BEGIN Dataset excerpt

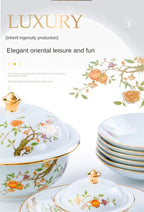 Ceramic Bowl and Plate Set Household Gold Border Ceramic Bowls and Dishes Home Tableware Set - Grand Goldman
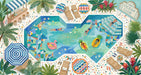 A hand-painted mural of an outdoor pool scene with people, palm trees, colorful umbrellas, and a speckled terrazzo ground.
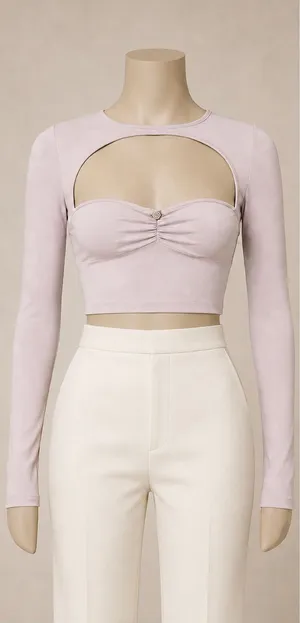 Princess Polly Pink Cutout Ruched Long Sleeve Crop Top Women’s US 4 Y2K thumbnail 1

END Dataset excerpt

■ **Work instruction**
Leave the pictures out and restate the listing word for word.

■ **Expected answer**
 Ceramic Bowl and Plate Set Household Gold Border Ceramic Bowls and Dishes Home Tableware Set - Grand Goldman
 A hand-painted mural of an outdoor pool scene with people, palm trees, colorful umbrellas, and a speckled terrazzo ground.
 Princess Polly Pink Cutout Ruched Long Sleeve Crop Top Women’s US 4 Y2K thumbnail 1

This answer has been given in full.